L2/12-210

Title: Revert Cuneiform Numeric Changes for Unicode 6.2
Source: Ken Whistler
Date: June 6, 2012
Action: For consideration by UTC


Background

At UTC meeting #131, the UTC decided to change the numeric values of
six Cuneiform numeric signs for Unicode 6.2. The decision was taken
by consensus 131-C30, and the relevant changes for UnicodeData.txt
for Unicode 6.2 were recorded as:

1240F;CUNEIFORM NUMERIC SIGN FOUR U;Nl;0;L;;;;4;N;;;;;        4 → 40
12410;CUNEIFORM NUMERIC SIGN FIVE U;Nl;0;L;;;;5;N;;;;;        5 → 50
12411;CUNEIFORM NUMERIC SIGN SIX U;Nl;0;L;;;;6;N;;;;;        6 → 60
12412;CUNEIFORM NUMERIC SIGN SEVEN U;Nl;0;L;;;;7;N;;;;;        7 → 70
12413;CUNEIFORM NUMERIC SIGN EIGHT U;Nl;0;L;;;;8;N;;;;;        8 → 80
12414;CUNEIFORM NUMERIC SIGN NINE U;Nl;0;L;;;;9;N;;;;;        9 → 90

This change was taken, based on general feedback on the UCD posted
in L2/12-160. The UTC did not record any independent rationale for the change,
beyond what was expressed in the report in L2/12-160. Essentially, the
point made there was that the Cuneiform "U" signs are used for the 10's
series (which is true), so their Unicode Numeric_Value property should
be updated to reflect those values, rather than retaining the digit values
they have in UnicodeData.txt for Unicode 6.1 (and all prior versions).

Analysis

The change which the UTC made in consensus 131-C30 at first looks
innocuous, but it turns out to have hidden consequences which in hindsight
make it an undesirable change, in my opinion.

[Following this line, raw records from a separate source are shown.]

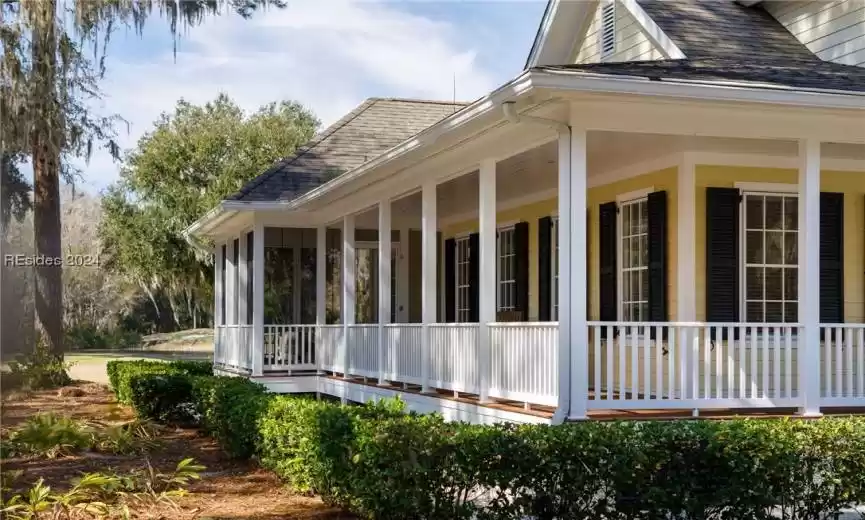 Daufuskie Island, South Carolina 29915, 4 Bedrooms Bedrooms, ,4 BathroomsBathrooms,Residential,For Sale,442130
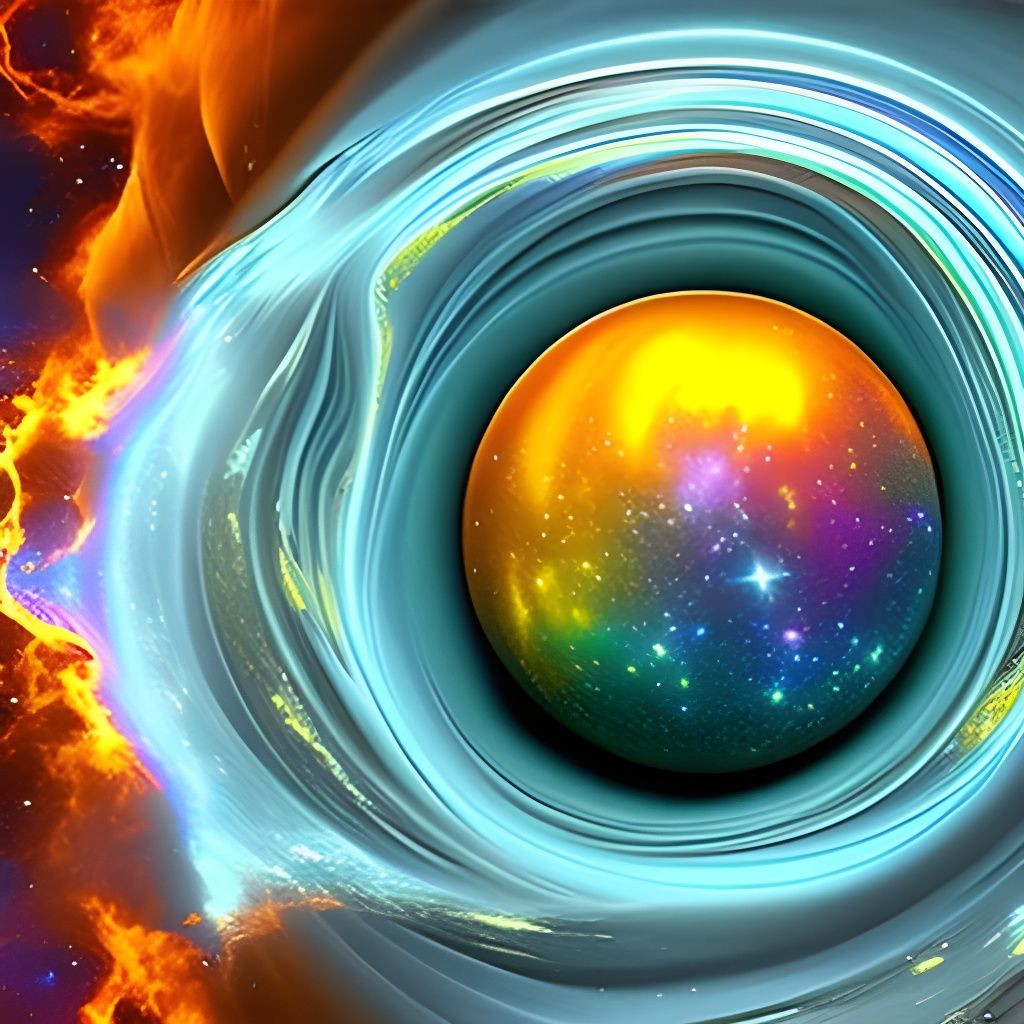 Cosmic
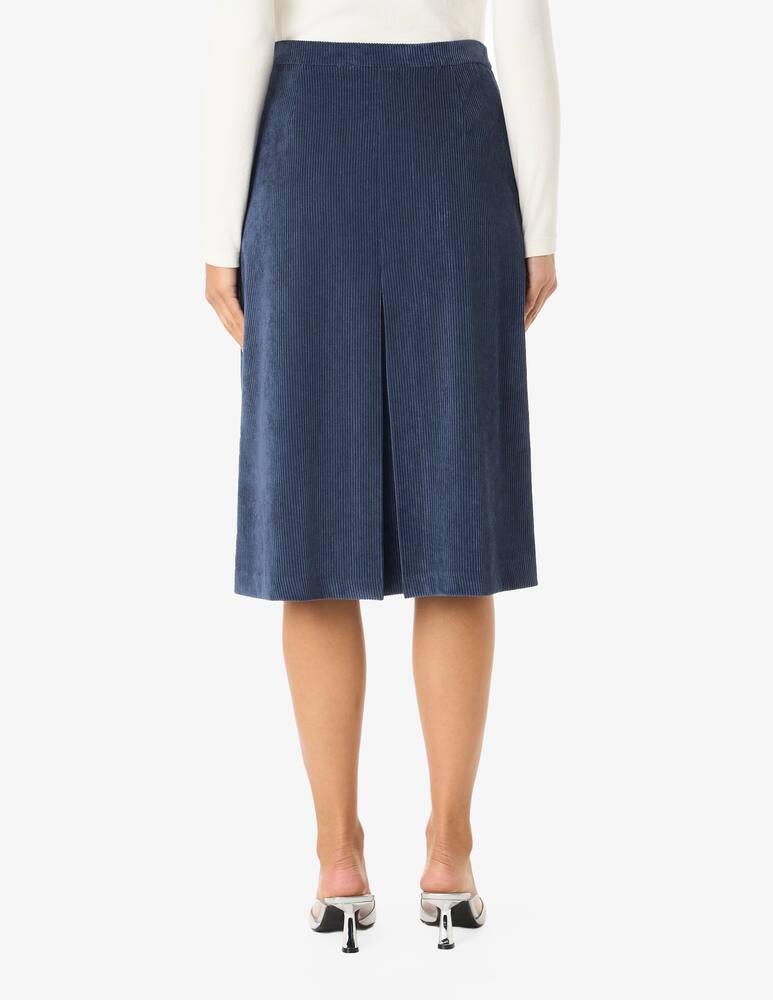 Elizabeth Ascot Gonna a pieghe - immagine 3 Elizabeth Ascot Gonna a pieghe - immagine 3
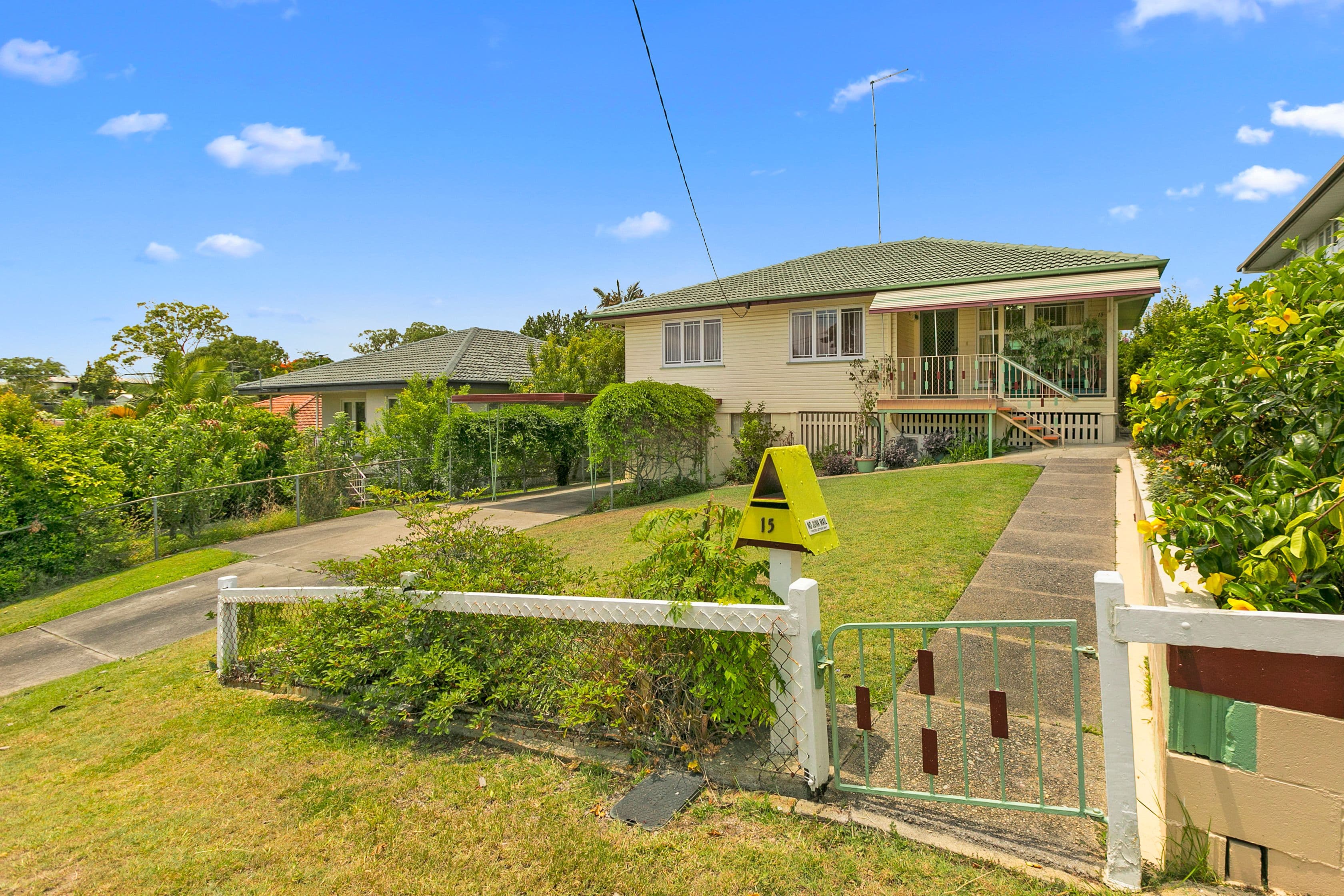 15 Breslin Street, Carina QLD 4152, Carina - Image 1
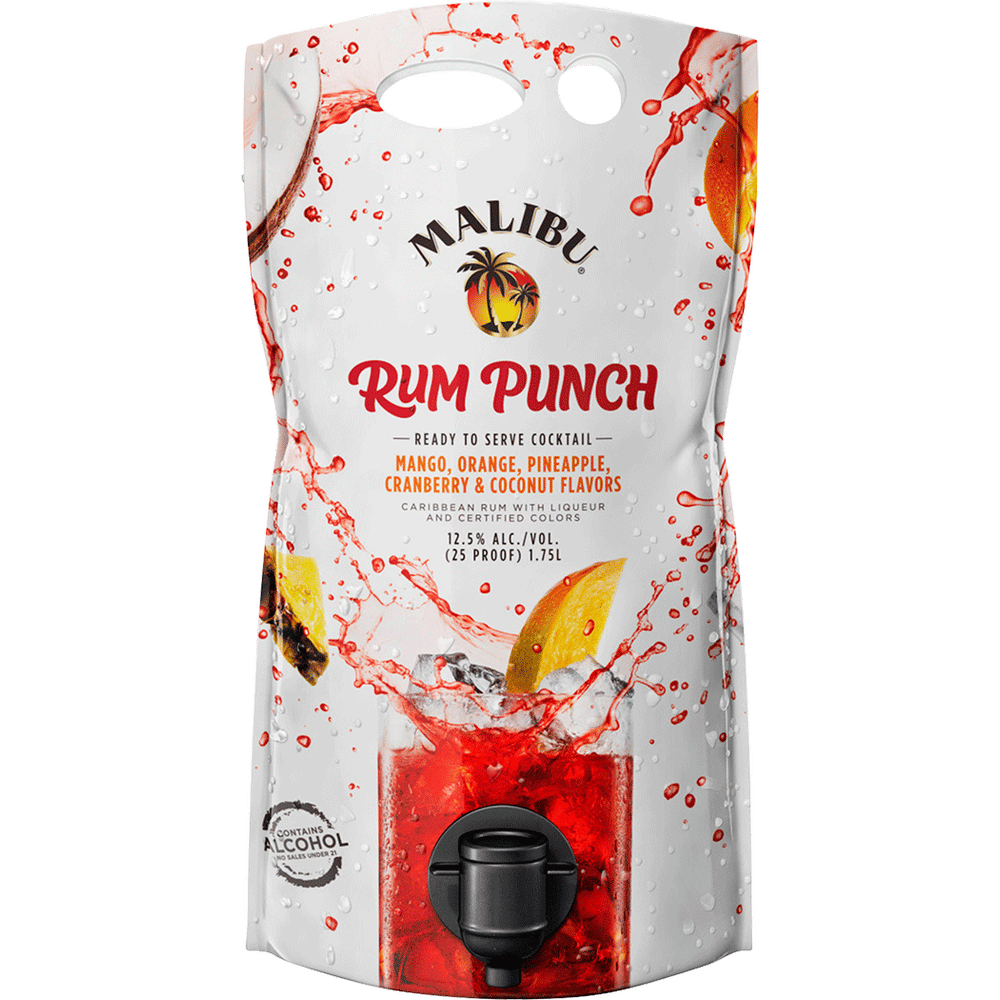 Malibu mixed drink pouches near me sale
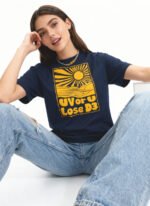 UV or U Lose D3 Unisex T-Shirt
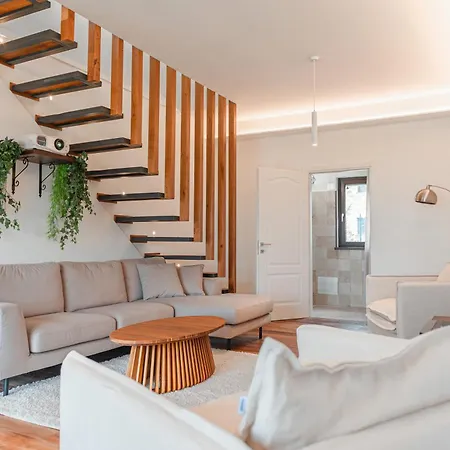 וילה Casa Sul A *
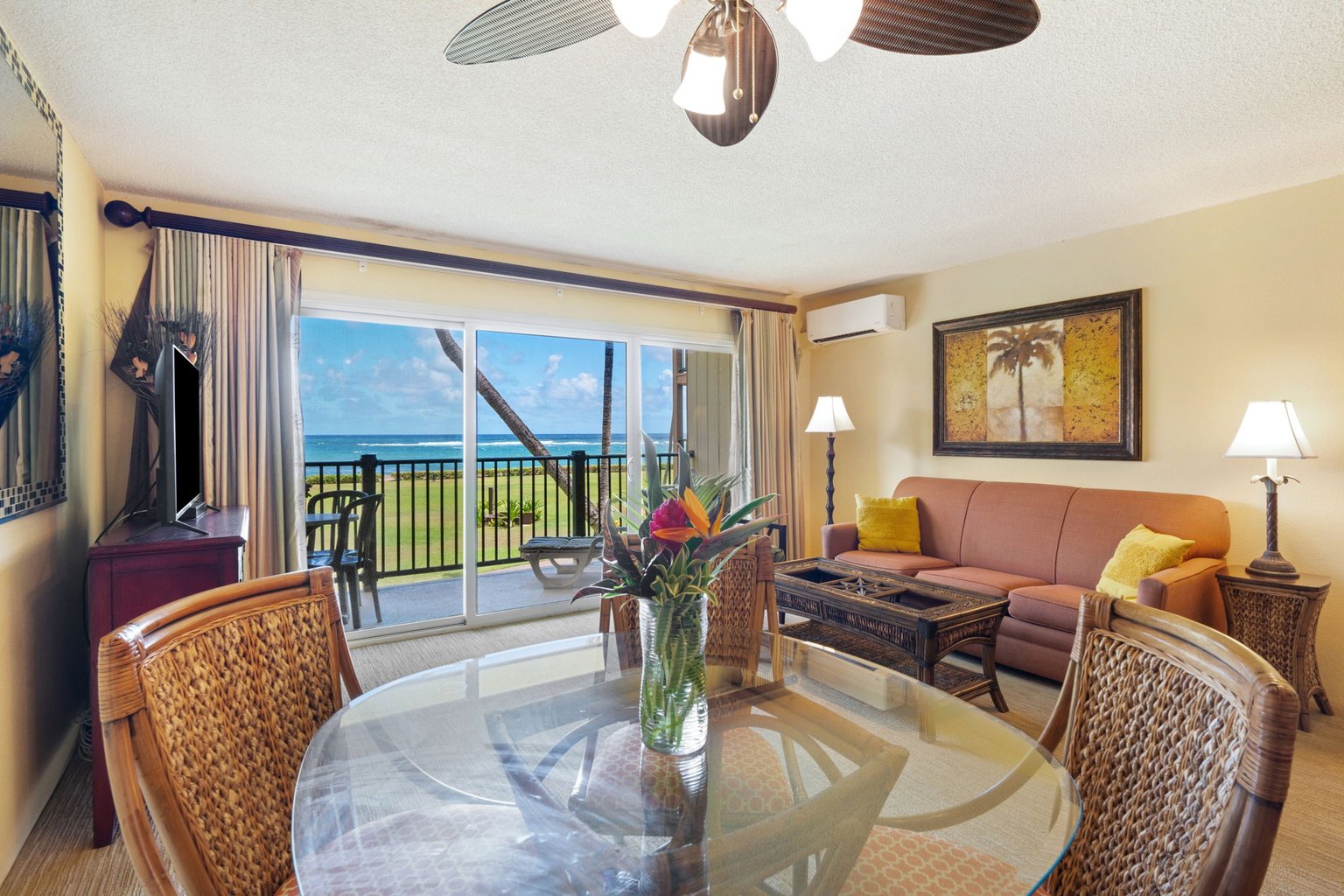 Kapaa Vacation Rental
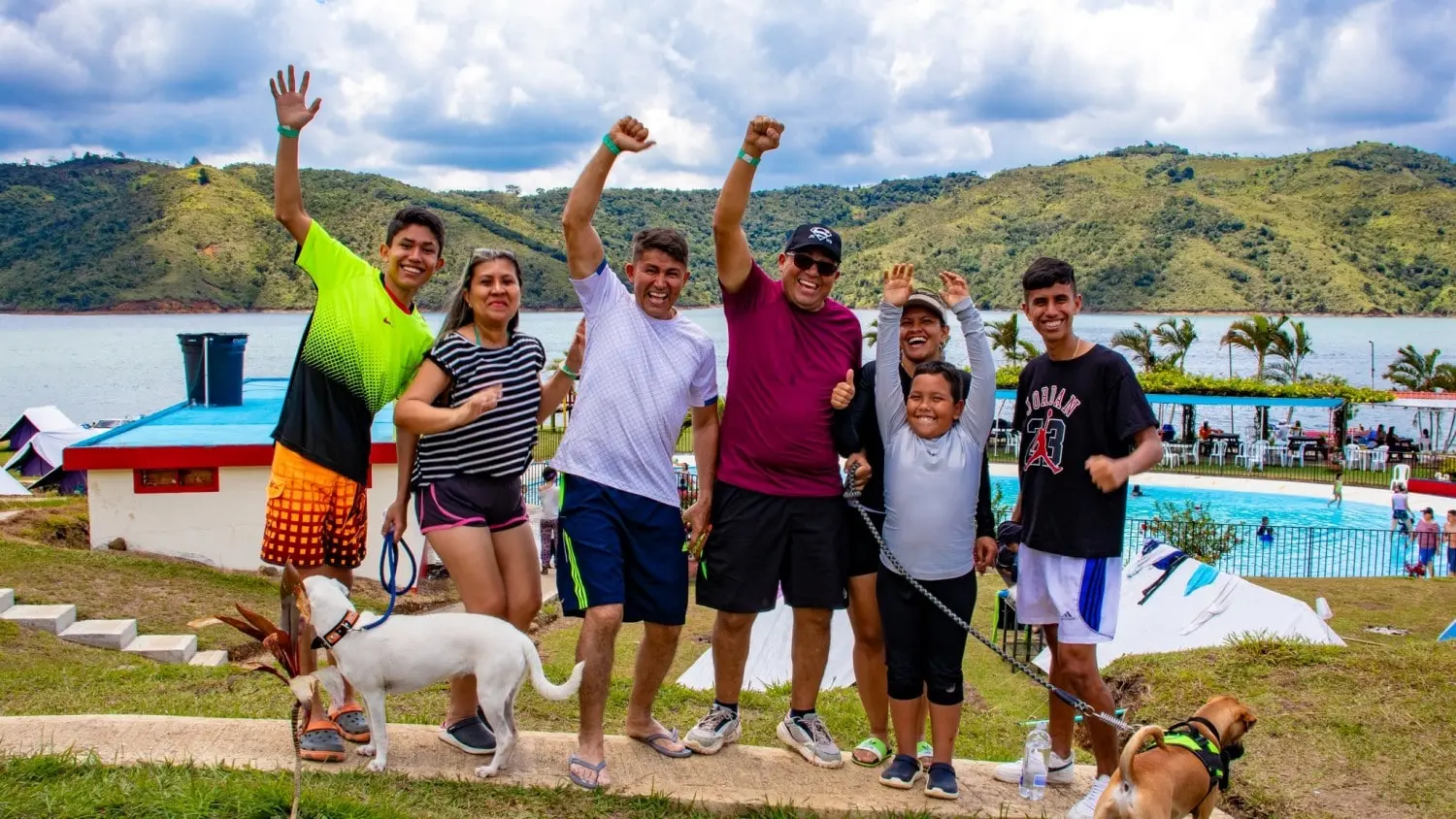 Turismo en Lago Calima: La Guía Definitiva - Cuánto vale el paseo en lancha en el Lago Calima turismo calima - Cuánto vale el paseo en lancha en el Lago Calima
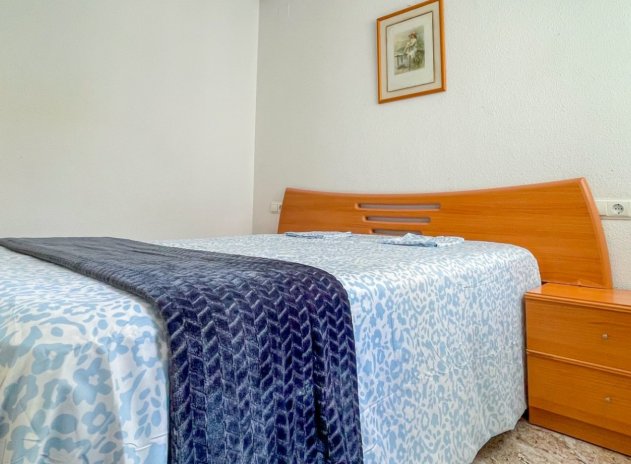 Herverkoop - Appartement - Torrevieja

First, one can ask, what is this really fixing? The Cuneiform numbering system
is complicated and completely unlike any decimal radix system. Any
computational implementation of Cuneiform numbers by necessity requires
a lot of specialized code which cannot depend simply on UnicodeData
Numeric_Value property values, anyway. The Cuneiform 10's series, in
particular, is defective in this regard, because the representations of 10,
20, and 30 depend on *other* "U" signs which are encoded amongst the
main listing of Cuneiform signs (with gc=Lo and nv=NaN), because they
also function importantly as syllabic values. In one case (20), the numeric
sign has to be represented by a *sequence* of two single "U" signs, so
that instance is even more complicated.

So while the change in Numeric_Value for these 6 characters seems to be
making the UnicodeData values marginally more correct, that change
does not (and cannot) make the values correct for all of the signs.

But what does it hurt? Well, it turns out that there is at least one other
algorithm which is dependent on the *existing* Numeric_Value for these
6 characters, which is disrupted by changing them: the Unicode Collation
Algorithm. The program which is used to generate the DUCET table has
special-case code to handle digit values, so that all "4"'s (etc.) from all scripts
end up with the same primary weight, and are distinguished by manufactured
secondary weights specific to different scripts. Changing the Numeric_Value
for precisely 6 of the 90 different integral-value Cuneiform numeric signs in
the range U+12400..U+12459 meant that in production of the DUCET draft
for UCA 6.2, the collation weights for those 6 signs were bled from the
branch which does comparable processing for all the "digits" 0..9. That
meant that those 6 signs, and only those signs, ended up with primary-ignorable
weights and would then end up in lists completely removed from the
other 84 Cuneiform numeric signs which consist of varying numbers of
stacked strokes 2 through 9.

To fix that problem for DUCET for UCA 6.2, I was forced to put in place
YACH (yet another crappy hack) for the sifter program, which had to
catch and *undo* precisely this change, so that the default collation for
the Cuneiform Numbers and Punctuation block would not be destabilized
by the changes to Numeric_Value for the 6 characters in question.

Proposal

Because the change in Numeric_Value for the 6 Cuneiform numeric signs
U+1240F..U+12414 doesn't really accomplish anything significant for
implementation of Cuneiform numbers, and because it disturbs values
which have been in place since Unicode 5.0, and mostly because it
actually *creates* problems for the generation of DUCET for the UCA
(and inconsistency in that table for the handling of the Cuneiform
numeric signs), I propose that the UTC revert its decision of 130-C30
before the publication of Unicode 6.2 makes the change a fait accompli
(and a further permanent wart on the UCD).

To address the concerns originally expressed in the report in L2/12-160,
I suggest instead that the numeric signs in question simply be annotated
in the Unicode names list regarding their use in Cuneiform numbers.
That should suffice to draw attention to their status in expressing the
10's series, without destabilizing existing processing which depends
on the current digit Numeric_Value assignments.